ACTIVITY:
Below is some data. Retype exactly the lines starting at the one with "Busques personal? Necessites" and ending at the one with "Restaurant, Building, Meal, Cafeteria, Interior".

DATA EXTRACTS:

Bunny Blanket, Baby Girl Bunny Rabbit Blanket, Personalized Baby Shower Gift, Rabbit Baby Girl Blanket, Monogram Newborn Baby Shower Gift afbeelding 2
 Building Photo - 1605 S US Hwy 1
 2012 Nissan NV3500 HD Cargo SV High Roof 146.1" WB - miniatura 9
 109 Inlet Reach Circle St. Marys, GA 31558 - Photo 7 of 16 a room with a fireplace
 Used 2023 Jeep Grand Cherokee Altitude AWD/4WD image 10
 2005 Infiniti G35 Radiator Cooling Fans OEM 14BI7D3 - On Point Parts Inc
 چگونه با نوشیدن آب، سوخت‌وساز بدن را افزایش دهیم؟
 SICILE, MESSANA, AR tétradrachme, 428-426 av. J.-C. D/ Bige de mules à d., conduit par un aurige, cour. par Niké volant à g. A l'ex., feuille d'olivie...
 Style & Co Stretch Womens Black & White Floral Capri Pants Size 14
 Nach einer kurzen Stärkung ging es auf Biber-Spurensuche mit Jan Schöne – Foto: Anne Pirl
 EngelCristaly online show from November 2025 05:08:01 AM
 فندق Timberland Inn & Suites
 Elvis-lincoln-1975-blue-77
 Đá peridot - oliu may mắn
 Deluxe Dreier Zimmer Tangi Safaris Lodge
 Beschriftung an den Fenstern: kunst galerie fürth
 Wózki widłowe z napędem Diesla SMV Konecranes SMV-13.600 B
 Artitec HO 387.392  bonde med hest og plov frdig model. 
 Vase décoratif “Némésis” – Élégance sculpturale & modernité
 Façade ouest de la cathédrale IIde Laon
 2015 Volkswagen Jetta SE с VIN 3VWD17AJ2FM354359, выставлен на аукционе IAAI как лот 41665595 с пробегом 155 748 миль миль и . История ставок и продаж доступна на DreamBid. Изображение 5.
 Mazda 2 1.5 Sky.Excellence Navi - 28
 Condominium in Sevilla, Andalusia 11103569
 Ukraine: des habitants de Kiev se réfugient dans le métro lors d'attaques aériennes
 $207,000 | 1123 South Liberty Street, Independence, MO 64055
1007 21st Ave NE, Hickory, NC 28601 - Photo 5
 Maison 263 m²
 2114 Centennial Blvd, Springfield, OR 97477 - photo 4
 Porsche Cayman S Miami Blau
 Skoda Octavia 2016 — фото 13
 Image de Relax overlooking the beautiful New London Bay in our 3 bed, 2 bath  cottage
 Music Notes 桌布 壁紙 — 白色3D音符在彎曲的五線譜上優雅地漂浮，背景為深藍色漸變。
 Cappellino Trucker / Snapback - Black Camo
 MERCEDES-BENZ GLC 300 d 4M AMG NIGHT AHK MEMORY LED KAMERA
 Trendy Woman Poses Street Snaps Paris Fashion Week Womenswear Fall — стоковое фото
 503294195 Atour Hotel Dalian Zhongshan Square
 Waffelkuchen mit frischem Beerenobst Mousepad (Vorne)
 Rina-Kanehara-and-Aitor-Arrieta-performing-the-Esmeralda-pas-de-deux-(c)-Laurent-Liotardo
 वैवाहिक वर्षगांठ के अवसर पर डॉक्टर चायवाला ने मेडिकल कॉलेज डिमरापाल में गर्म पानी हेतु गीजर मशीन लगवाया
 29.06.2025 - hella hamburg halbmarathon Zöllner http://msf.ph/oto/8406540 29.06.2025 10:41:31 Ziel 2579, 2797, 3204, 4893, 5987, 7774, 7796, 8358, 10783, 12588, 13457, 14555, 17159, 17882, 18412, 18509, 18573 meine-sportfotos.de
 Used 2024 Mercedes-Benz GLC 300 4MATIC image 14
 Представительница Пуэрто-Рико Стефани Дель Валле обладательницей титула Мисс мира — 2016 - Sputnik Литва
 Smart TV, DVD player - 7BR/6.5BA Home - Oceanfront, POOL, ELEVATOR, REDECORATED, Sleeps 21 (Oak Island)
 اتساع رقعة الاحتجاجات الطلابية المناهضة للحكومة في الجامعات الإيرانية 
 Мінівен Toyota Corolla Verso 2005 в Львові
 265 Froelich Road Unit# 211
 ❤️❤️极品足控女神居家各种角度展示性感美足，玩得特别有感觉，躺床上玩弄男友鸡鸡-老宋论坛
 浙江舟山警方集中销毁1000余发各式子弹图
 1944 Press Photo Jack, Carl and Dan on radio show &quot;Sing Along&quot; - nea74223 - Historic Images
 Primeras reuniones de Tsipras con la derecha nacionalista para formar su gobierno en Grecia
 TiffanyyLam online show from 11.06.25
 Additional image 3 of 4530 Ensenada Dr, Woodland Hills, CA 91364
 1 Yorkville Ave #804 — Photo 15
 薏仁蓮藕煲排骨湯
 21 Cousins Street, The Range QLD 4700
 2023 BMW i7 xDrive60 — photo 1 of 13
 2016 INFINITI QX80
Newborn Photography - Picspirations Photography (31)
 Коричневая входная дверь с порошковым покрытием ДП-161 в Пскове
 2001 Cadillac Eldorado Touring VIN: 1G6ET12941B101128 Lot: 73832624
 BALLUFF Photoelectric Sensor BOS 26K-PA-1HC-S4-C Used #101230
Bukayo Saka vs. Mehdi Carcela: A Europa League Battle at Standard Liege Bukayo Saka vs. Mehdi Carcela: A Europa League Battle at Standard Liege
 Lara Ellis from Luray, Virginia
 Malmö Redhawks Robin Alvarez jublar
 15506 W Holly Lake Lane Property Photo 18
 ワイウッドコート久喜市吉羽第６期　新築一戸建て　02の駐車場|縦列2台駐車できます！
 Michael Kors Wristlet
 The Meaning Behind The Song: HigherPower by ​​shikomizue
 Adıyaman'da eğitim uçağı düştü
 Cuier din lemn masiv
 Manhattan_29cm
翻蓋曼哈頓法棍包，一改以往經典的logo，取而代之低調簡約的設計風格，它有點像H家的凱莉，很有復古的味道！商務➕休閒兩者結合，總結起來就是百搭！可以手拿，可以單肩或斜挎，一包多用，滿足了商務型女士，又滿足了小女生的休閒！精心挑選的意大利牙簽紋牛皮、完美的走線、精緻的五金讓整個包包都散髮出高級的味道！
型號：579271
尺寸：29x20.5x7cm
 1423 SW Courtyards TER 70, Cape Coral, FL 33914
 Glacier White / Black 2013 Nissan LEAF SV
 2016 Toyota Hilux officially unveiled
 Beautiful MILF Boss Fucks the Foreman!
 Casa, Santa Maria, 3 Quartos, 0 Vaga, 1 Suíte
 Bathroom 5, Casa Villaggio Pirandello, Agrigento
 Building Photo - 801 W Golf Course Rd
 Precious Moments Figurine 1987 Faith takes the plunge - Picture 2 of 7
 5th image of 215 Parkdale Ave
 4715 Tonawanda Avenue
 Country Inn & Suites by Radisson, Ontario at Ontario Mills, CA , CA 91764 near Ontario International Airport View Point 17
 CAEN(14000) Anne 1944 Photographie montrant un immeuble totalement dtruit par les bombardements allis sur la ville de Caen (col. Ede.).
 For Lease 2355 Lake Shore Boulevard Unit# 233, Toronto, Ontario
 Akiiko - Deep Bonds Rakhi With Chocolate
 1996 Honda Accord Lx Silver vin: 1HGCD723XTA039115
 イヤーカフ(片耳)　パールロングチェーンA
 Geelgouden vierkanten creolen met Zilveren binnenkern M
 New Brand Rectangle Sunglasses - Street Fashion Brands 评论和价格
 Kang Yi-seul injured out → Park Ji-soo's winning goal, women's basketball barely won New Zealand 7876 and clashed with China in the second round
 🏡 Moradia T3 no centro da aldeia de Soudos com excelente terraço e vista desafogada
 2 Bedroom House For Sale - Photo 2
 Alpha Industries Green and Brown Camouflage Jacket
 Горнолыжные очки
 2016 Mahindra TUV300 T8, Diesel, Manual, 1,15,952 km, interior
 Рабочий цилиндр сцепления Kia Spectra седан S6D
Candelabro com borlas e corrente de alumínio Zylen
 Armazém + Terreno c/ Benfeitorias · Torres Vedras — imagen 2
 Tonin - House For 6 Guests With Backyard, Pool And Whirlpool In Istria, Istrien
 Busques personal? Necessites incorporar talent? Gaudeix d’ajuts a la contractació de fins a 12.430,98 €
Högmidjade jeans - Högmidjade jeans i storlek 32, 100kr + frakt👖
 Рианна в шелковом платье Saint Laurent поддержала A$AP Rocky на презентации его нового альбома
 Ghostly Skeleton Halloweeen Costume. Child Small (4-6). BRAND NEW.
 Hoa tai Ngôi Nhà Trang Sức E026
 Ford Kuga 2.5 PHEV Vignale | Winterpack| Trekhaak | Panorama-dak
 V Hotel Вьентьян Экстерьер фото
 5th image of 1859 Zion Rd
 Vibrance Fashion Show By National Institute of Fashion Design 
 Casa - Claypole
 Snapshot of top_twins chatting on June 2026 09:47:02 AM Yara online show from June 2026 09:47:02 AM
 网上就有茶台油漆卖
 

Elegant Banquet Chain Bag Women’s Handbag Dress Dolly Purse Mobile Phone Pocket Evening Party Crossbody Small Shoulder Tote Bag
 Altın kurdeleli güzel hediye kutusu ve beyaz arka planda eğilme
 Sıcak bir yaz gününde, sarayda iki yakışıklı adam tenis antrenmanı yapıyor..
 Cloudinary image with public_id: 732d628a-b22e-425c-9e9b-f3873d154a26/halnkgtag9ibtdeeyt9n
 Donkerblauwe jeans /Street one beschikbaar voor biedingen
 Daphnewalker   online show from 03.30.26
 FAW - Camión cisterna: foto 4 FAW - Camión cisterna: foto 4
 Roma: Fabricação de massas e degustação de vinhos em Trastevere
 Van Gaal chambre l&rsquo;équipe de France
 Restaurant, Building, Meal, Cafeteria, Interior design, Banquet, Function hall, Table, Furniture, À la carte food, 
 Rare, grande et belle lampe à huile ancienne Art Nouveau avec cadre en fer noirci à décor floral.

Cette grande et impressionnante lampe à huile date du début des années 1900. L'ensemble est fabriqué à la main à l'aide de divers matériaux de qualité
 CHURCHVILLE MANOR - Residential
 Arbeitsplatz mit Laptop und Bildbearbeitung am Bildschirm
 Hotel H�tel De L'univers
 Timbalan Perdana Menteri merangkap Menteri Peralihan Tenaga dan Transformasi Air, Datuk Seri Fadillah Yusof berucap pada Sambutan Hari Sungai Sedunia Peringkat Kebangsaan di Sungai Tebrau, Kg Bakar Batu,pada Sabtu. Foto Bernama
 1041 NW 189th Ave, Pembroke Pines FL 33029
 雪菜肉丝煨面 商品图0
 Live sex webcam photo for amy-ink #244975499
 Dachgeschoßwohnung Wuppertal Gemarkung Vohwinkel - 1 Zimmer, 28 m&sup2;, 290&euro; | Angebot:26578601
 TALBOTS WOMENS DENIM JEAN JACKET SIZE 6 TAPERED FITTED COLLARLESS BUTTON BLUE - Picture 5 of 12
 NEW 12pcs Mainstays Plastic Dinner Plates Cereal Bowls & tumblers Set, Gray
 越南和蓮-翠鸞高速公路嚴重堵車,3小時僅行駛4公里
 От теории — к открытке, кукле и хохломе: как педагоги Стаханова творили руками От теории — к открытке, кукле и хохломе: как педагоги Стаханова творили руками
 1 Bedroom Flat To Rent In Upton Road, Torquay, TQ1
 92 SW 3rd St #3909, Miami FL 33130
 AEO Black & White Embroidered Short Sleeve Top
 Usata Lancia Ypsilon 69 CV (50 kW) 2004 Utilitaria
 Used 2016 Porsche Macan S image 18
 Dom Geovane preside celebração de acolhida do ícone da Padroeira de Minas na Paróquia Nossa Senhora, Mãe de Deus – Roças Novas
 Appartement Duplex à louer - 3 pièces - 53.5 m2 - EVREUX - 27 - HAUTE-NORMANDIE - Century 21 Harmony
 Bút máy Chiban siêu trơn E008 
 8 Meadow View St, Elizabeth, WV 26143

TASK ANSWER:
 Busques personal? Necessites incorporar talent? Gaudeix d’ajuts a la contractació de fins a 12.430,98 €
Högmidjade jeans - Högmidjade jeans i storlek 32, 100kr + frakt👖
 Рианна в шелковом платье Saint Laurent поддержала A$AP Rocky на презентации его нового альбома
 Ghostly Skeleton Halloweeen Costume. Child Small (4-6). BRAND NEW.
 Hoa tai Ngôi Nhà Trang Sức E026
 Ford Kuga 2.5 PHEV Vignale | Winterpack| Trekhaak | Panorama-dak
 V Hotel Вьентьян Экстерьер фото
 5th image of 1859 Zion Rd
 Vibrance Fashion Show By National Institute of Fashion Design 
 Casa - Claypole
 Snapshot of top_twins chatting on June 2026 09:47:02 AM Yara online show from June 2026 09:47:02 AM
 网上就有茶台油漆卖
 

Elegant Banquet Chain Bag Women’s Handbag Dress Dolly Purse Mobile Phone Pocket Evening Party Crossbody Small Shoulder Tote Bag
 Altın kurdeleli güzel hediye kutusu ve beyaz arka planda eğilme
 Sıcak bir yaz gününde, sarayda iki yakışıklı adam tenis antrenmanı yapıyor..
 Cloudinary image with public_id: 732d628a-b22e-425c-9e9b-f3873d154a26/halnkgtag9ibtdeeyt9n
 Donkerblauwe jeans /Street one beschikbaar voor biedingen
 Daphnewalker   online show from 03.30.26
 FAW - Camión cisterna: foto 4 FAW - Camión cisterna: foto 4
 Roma: Fabricação de massas e degustação de vinhos em Trastevere
 Van Gaal chambre l&rsquo;équipe de France
 Restaurant, Building, Meal, Cafeteria, Interior design, Banquet, Function hall, Table, Furniture, À la carte food, 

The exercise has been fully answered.